BRL is a rule modelling language. The BRML influence means there is a (perhaps not immediately obvious) family resemblance to its cousin, the W3C RIF. By good fortune, it is also a lot like the OMG’s PRR (Production Rule Representation) which is a MOF-compliant rule modelling language. Like CommonRules and the W3C RIF, it defines libraries of ‘built-in’ predicates and functions. It doesn’t specify any implementation of these. Instead, the implementation is bound to the model within the engine using ‘engine operation’ binding definitions. BRL also defines three types of ‘user’ binding for XML data, database data and object-orientated classes. Class bindings bind directly to .NET types (value types and delegates, as well as classes). The XML and database bindings get special treatment in the engine which converts these to bindings onto specialised fact ‘wrapper’ classes (TypesXmlDocument, TypedDataTable and TypedDataRow). The engine also implements specialised Rete nodes which handle DataConnection facts and convert rule conditions into SQL SELECT statements. This allows the rule engine to reason directly over external databases (how’s that for ‘situatedness’!).
For ‘directive events’ BRL defines a built-in function called ‘executor’. If you pass this function as an argument to an IRuleSetExecutor parameter on a method in a custom .NET type, the Rete executor will pass itself out to your custom code. IRuleSetExecutor defines a number of engine operations including ‘assert’, ‘update’, ‘retract’, ‘clear’ and ‘halt’. Your custom code can raise a directive event by simply calling back on one of these methods. The engine processes the directive notification by en-queuing an engine operation which it then processes at the next safe point in its match-resolve-act cycle.

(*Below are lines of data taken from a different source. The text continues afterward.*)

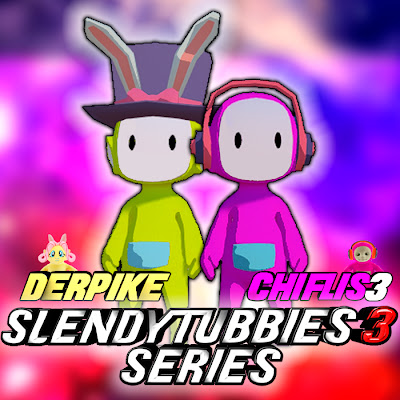 Zeoworks slendytubbies 3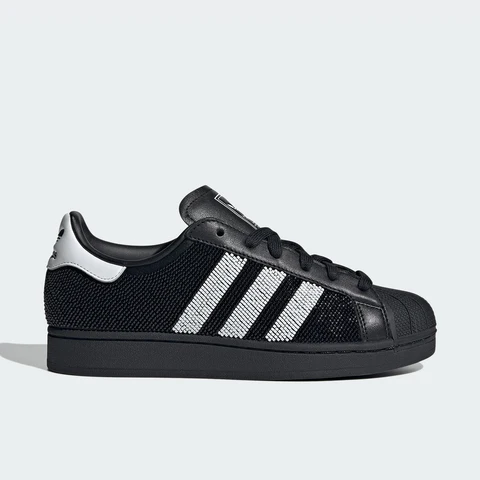adidas gazelle silver green womens adidas Hello Kitty Superstar 360 Infant Toddler Shoes Black Red GY9214 –  Shoe Palace main image 1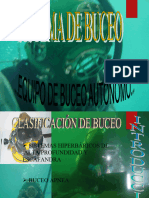 DISERTACION EQUIPO AUTONOMO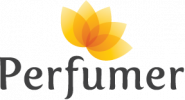 Perfumer s.r.o.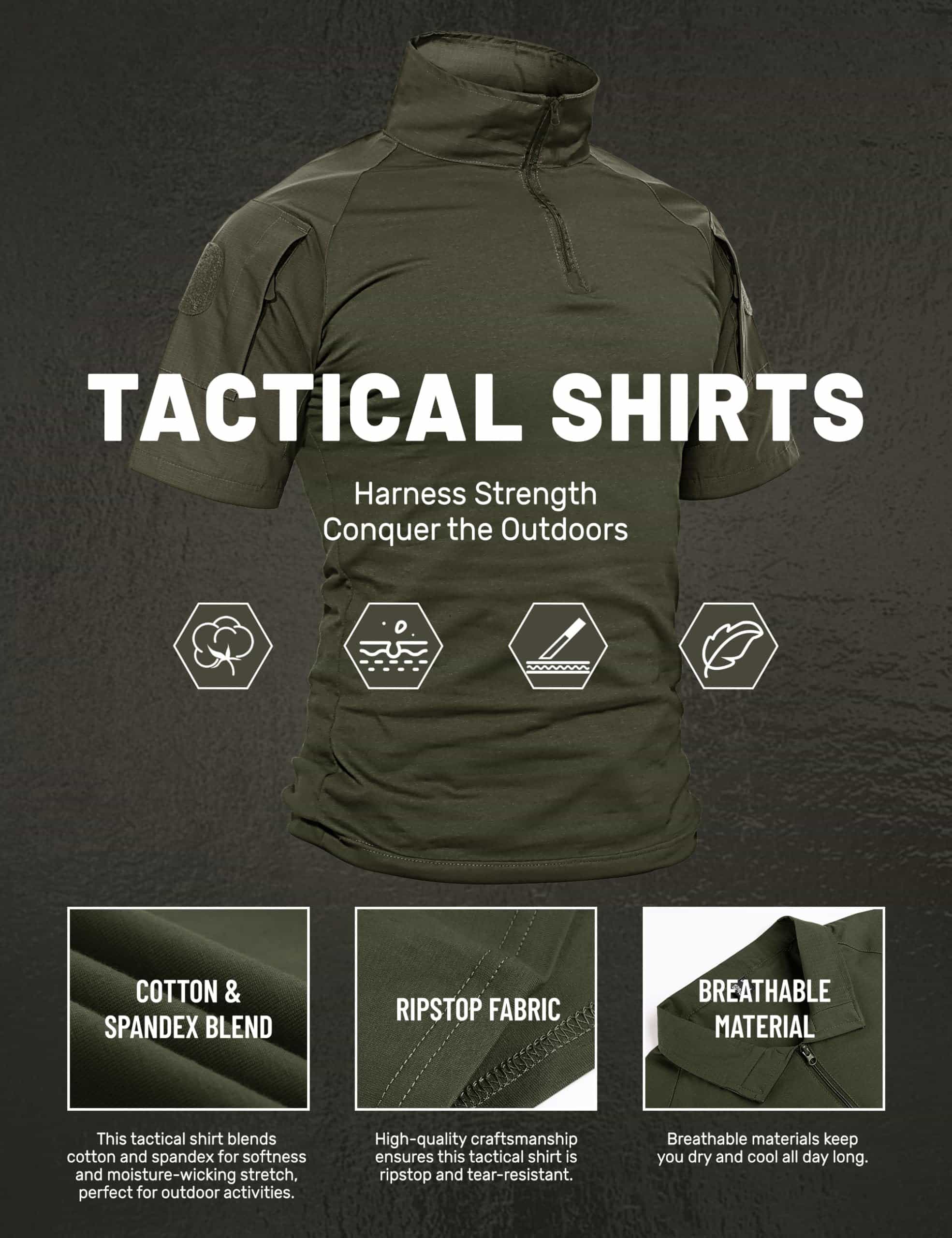 t shirt factory t shirt factory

BRL’s support for bindings and directive events is both simple and powerful. The notion of ‘situatedness’ gives a whole new insight into the nature of Microsoft’s rule engine. The ability to raise directive events allows us to implement a vast array of different patterns and to integrate our rule set models and reasoning engine directly into the ‘real world’. We take our rule engine to the world and situate it there, rather than adapting the world to the rule engine.

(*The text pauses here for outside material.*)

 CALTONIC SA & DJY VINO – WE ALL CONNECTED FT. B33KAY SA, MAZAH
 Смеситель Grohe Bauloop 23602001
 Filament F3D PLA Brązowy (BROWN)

Just after Christmas, I met up with fellow Londoner, Mark Proctor, who heads up the JBoss Rules (Drools) team. We had an enjoyably geeky afternoon discussing our favourite subject over coffee. Mark was explaining to me how Drools allows expressions within the rules to directly query the working memory. This is a powerful feature of Drools which it uses to perform various types of quantification and aggregation. This post arises in part from that conversation. I was saying how much I wished we had a similar feature in Microsoft’s BRE. I also tried (badly) to explain to him that if BRE were ever extended to support this, you would query the working memory from external code. I hope this post goes some way to explaining why that would be the case. I do wish MS BRE could query working memory like JBoss Rules. How about a LINQ provider over asserted facts. How cool would that be! Another feature that would improve things would be the ability to obtain the executor up-front before rule processing commences. I suggest that the RuleEngine class should expose it.

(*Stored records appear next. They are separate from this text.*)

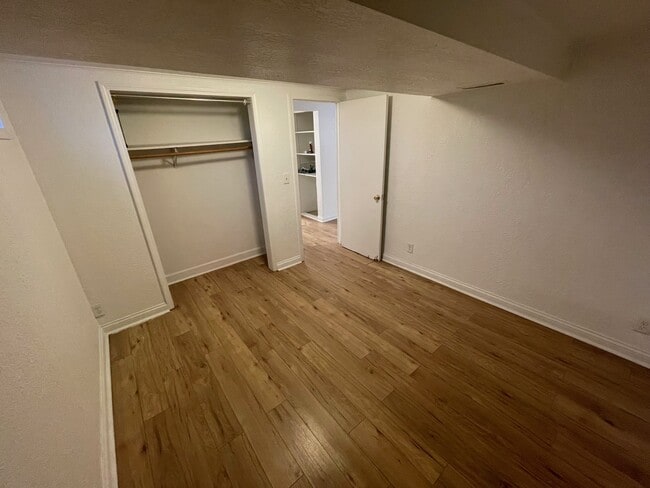 Photo - 1304 E North St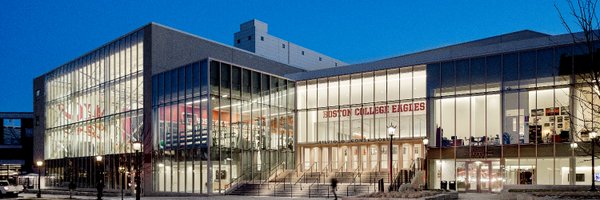 BCMBB Profile Banner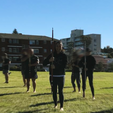 Kaiako Highlight: Whaea Tania Jackson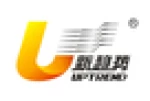 Guangzhou Uptrend Metal Co., Ltd.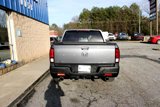 Used 2023 Honda Ridgeline RTL-E image 5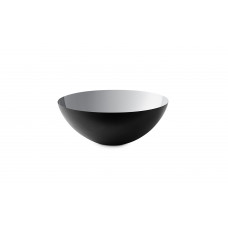 Krenit Bowl Ø 16 silver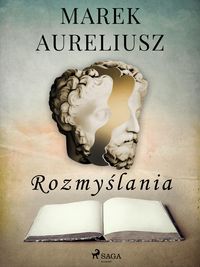 Produktbild: Rozmy&iquest;lania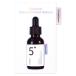 numbuzin( номер z in ) 5 номер рисовые клецки grutachi on C тоник обновленный 30ml Корея cosme 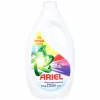 Entretien Du Linge|ARIEL 51 doses de lessive liquide Couleurs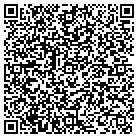 QR code with Tampa Decking and Pools contacts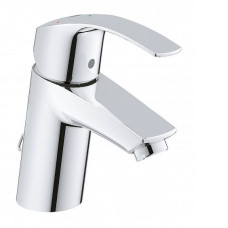 Смеситель GROHE Eurosmart 23372002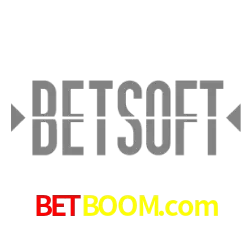 Betsoft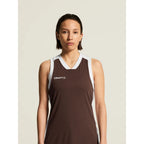 c17885_craft-basket-2-0-singlet-contrast-dames-c17885-basket-2-singlet-contrast-w-closeup6-jpg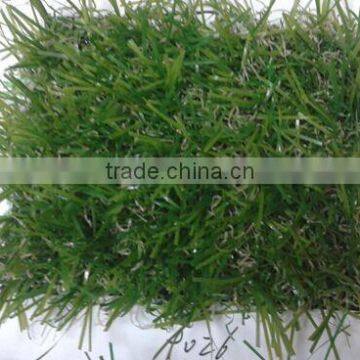 artificial lawn carpet,artificial/fake sod,simulation Turf Synthetic grass artificial lawn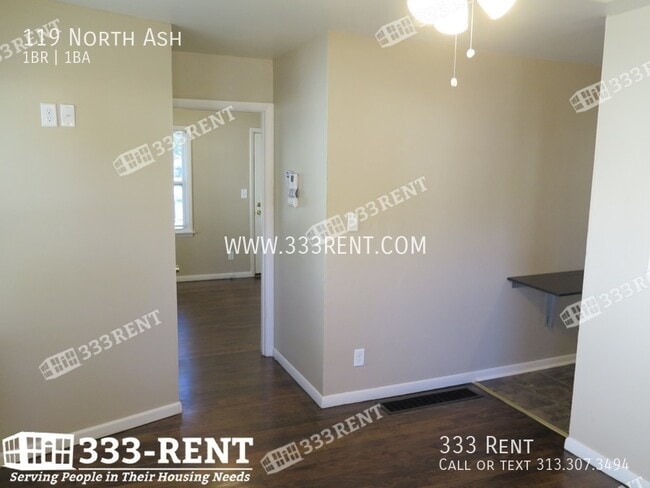 Photo - 119 North Ash-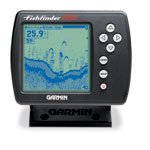 garmin160.jpg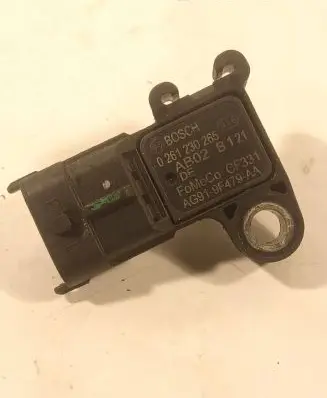 Volvo S60 Air pressure sensor AG919F479AA AB02B121 0261230265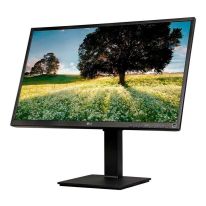 Monitor LG 23,5" IPS LED FHD - 24BL550J-B.AWZM 1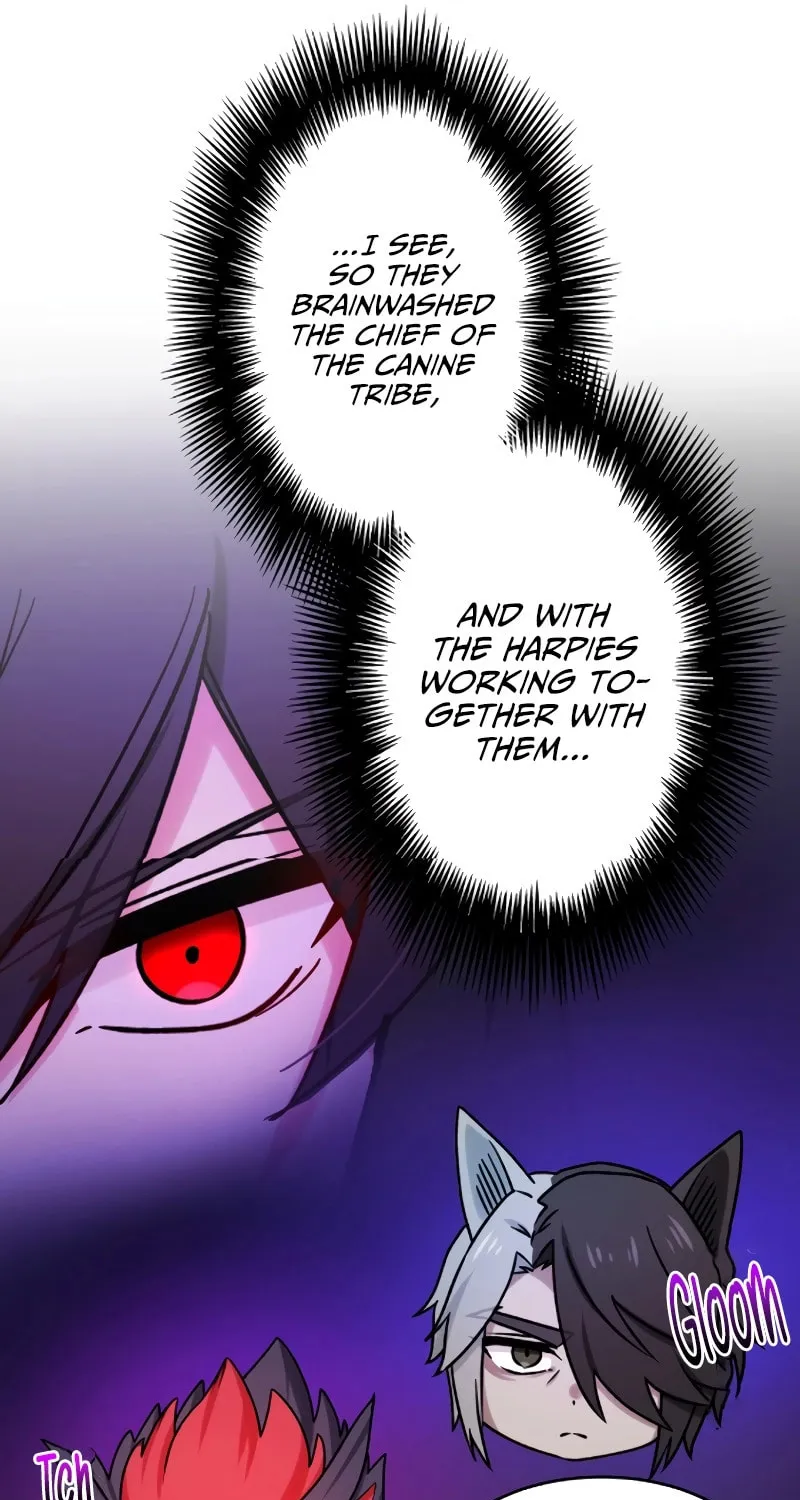 Saikyou Ansatsusha, Class Ten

In parts 2 and 3, I shall directly address the issue of backward-chaining in MS BRE and show how it can be done through directive events and custom coding. The insight here is that backward-chaining can be implemented as a special case of ‘situatedness’. We can build an external goal management environment and then ‘situate’ our engine within it. This gives us an effective mechanism for extending the engine and performing backward-chaining.